Vendredi 11 octobre, Fatima E. a été violemment prise à partie par un élu RN lors du conseil régional de Bourgogne-France-Comté, parce qu'elle portait un voile. Cette mère voilée assistait, dans le public, au conseil régional de Bourgogne-France-Comté, lorsque l'élu RN Julien Odul, l'a prise à partie avant de quitter la séance avec son groupe. Il publie par la suite la scène sur Twitter.

Fatima E. s'est exprimée pour la première fois depuis l'incident - elle n'avait donné suite à aucune sollicitation des médias - lors d'un entretien publié sur le site du Collectif contre l'islamophobie en France (CCIF)

"J'étais là sans être là"

Elle a donné sa version des faits de l'altercation qui a fait polémique. Vendredi 11 octobre, elle accompagne un groupe d'enfants originaires de Belfort à Dijon pour visiter un musée puis assister à la séance du conseil régional de Bourgogne-Franche-Comté. "Il n'était pas prévu que je participe à cette sortie", a d'abord précisé Fatima E., qui souhaite garder l'anonymat. Son fils et des copains à lui insistent pour qu'elle vienne, tout comme la maîtresse qui lui a laissé "un mot dans le carnet" pour lui "demander d'y participer car aucune autre maman n'était disponible". 

Une fois installé dans le public du conseil régional, le groupe prévoit d'y rester "une dizaine de minutes, pour regarder comment ça se passe", raconte-t-elle. "On était dans un coin, je pensais même que personne ne pouvait nous voir. Et là j’entends quelqu’un dire "Au nom de la laïcité", puis j’entends des personnes qui commencent à crier, s’énerver", détaille-t-elle. Fatima affirme s'être alors seulement préoccupée de la "détresse des enfants" qui étaient "choqués et traumatisés", d'après elle. "J'étais là sans être là", a-t-elle ajouté. Au départ, elle n'entend pas céder : "Si moi je panique, les enfants auraient été encore plus traumatisés. Donc j’ai essayé de les rassurer, en leur disant que les élus n’étaient pas d’accord". Finalement, quand son fils lui "saute dessus en pleurant", elle décide de quitter la salle. "Je tremblais de la tête aux pieds et je me sentais en train de tomber", a-t-elle témoigné. 

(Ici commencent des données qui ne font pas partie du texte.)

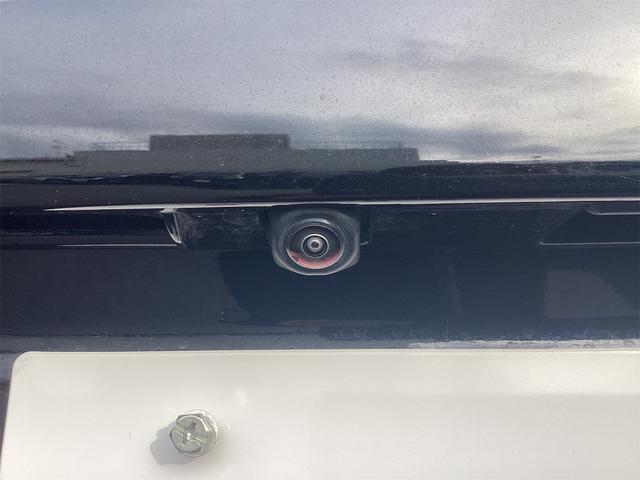 カローラクロス ハイブリッド　Ｚ　ディスプレイオーディオ　バックカメラ　オートクルーズコントロール　レーンアシスト　衝突被害軽減システム　ＴＶ　オートマチックハイビーム　ＬＥＤヘッドランプ　ヘッドライトウォッシャー　電動リアゲート（31枚目）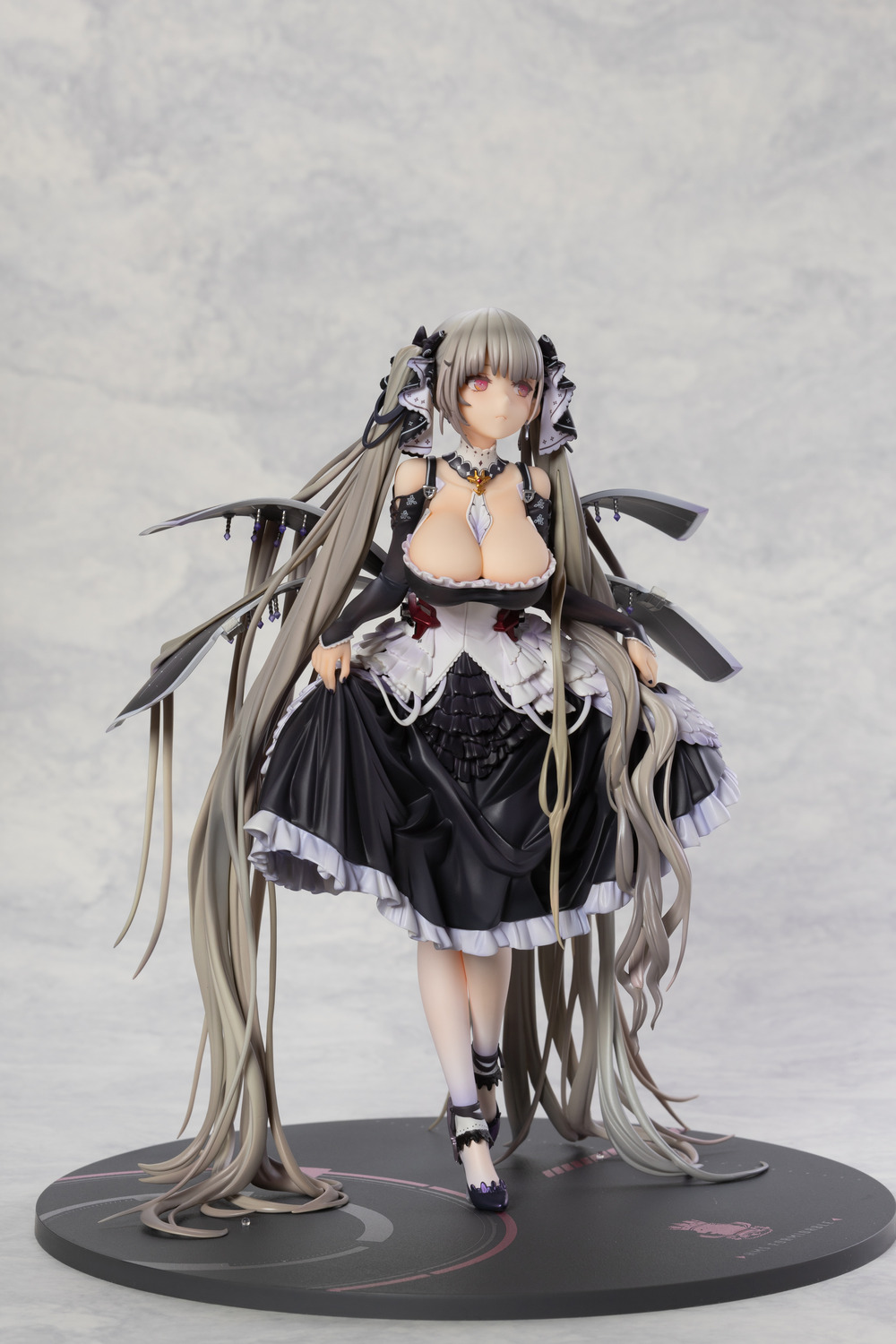 スタジオセッション-2010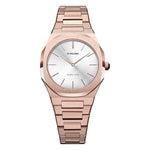 D1 MILANO WATCHES Mod. D1-UTBL09 D1-UTBL09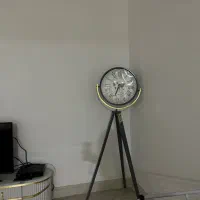 مبلمان|مبلمان خانگی و میز عسلی|بوشهر, |دیوار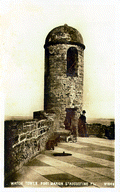 161916
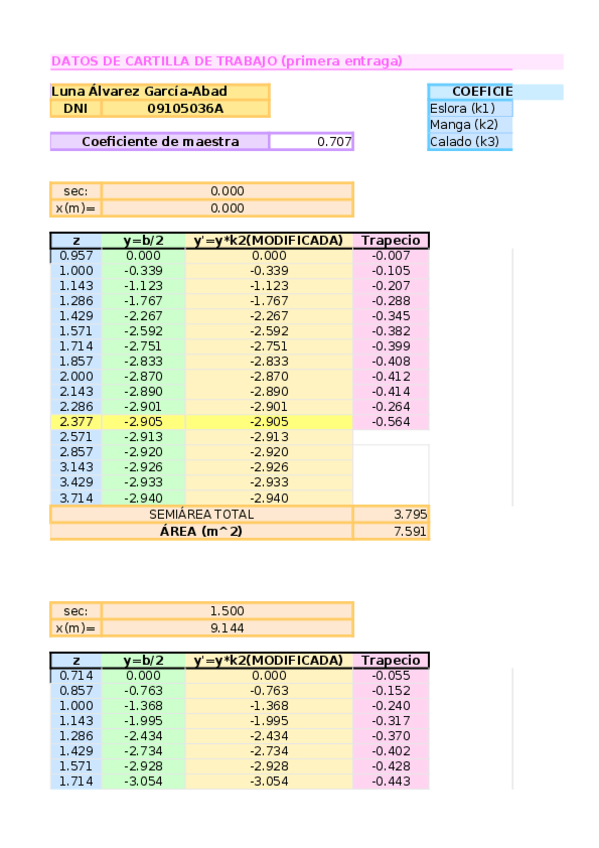 Miniatura del documento Cartilla-de-trazado.xlsx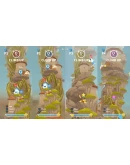 GoatPunks Xbox One &amp Xbox Series XS активация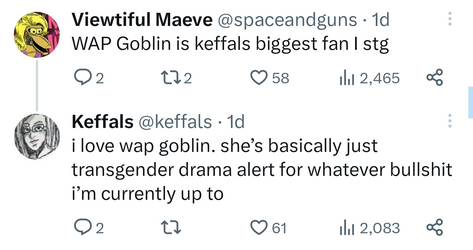 Tweet13.png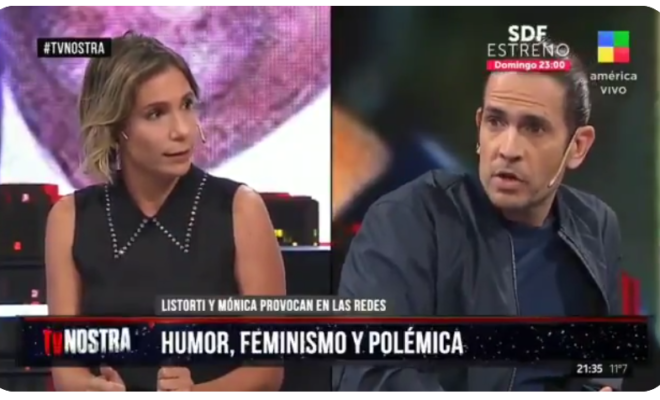 lerenayramos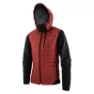 Leatt Trail 3.0 Jakke
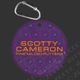 �ۥåȥإåɥϥ꡼ ��ߥƥå� �ѥåƥ��󥰥ǥ����� - �ѡ��ץ� �����åƥ��������� SCOTTY CAMERON�ڥ���ե���˥������꡼�����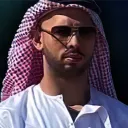 Aira Inshallah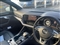 Volkswagen Touareg Image 5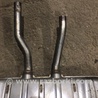 ФОТО Глушитель для Porsche Cayenne II 958 E2/92A (10-14) Київ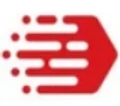 Logo for TXOne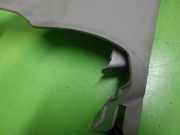 Verkleidung A-Säule rechts NISSAN (DATSUN) NAVARA (D40) 2.5 dCi 4WD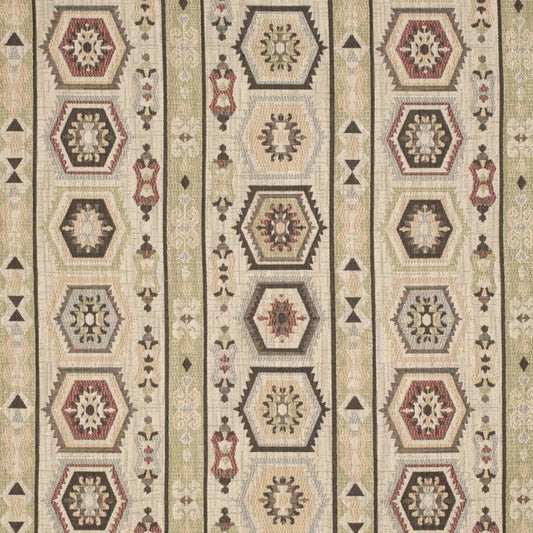 D4108 Sagebrush Fabric D4108 Charlotte Fabrics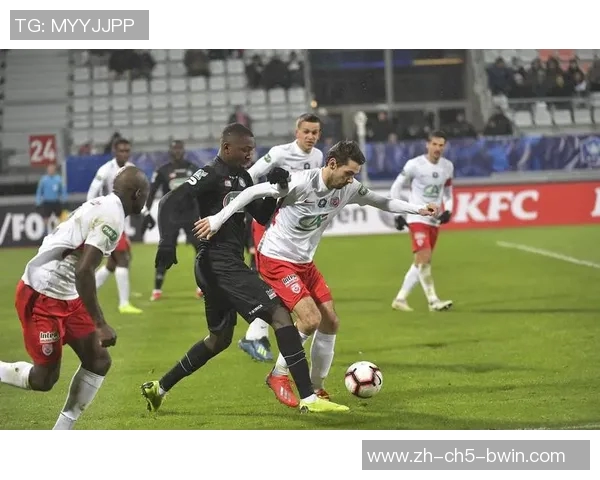 南锡与格勒诺对决解析两队战术风格与近期状态全面分析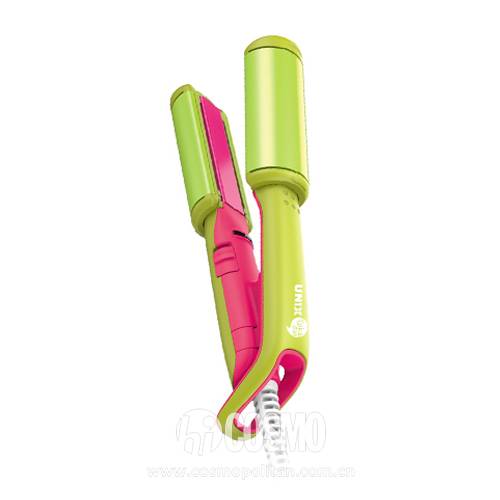 美人计简单易学完整版,美人计发型设计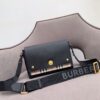 BURBERRY 버버리 메신저백 B251808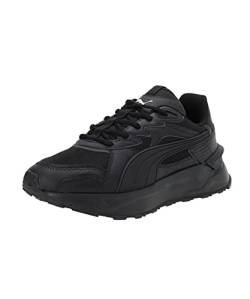 PUMA Mirage Sport Asphalt Base 391173 01 42 von PUMA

"Je suis sûre qu’elle voulait me provoquer physiquement"

Dehors, elle est de nouveau prise à partie, cette fois par Karine Champy, une élue qui appartenait auparavant au FN. L'altercation est également relatée par une élue de l'Union des démocrates et des écologistes (UDE), Jacqueline Ferrari, dans Le Monde. Fatima E. et Jacqueline Ferrari affirment que l'ancienne élue RN a déclaré "vous allez voir, on va gagner. Les Russes vont arriver !", lors de ce vif échange. "Elle gesticulait beaucoup, et était à la limite de me bousculer. En y réfléchissant, je suis sûre qu’elle voulait me provoquer physiquement pour que je réagisse", estime désormais Fatime E.

Aujourd'hui, elle affirme être "fatiguée" et avoir "peur de tout". "Parfois le visage de cette dame me revient, j’ai des frissons et je tremble", a-t-elle également confié. "Aujourd'hui,  j'ai une opinion négative de ce qu'on appelle la République". D'après elle, cet incident est venu "détruire tout un travail que je faisais indirectement auprès de cette classe dont les élèves d’origine immigrée étaient parfois dans une attitude de penser que la France était contre eux et qu’ils sont rejetés. Et moi j’ai toujours argumenté contre ce discours". Désormais, elle pense que les choses ont changé. "Quand on est sortis du conseil régional, ils sont venus vers moi pour me dire : "Tu vois, on te l’avait dit ! Ils ne nous aiment pas !". Et là, je ne pouvais même plus parler. Les enfants sont venus là pour apprendre : qu’ont-ils appris ?"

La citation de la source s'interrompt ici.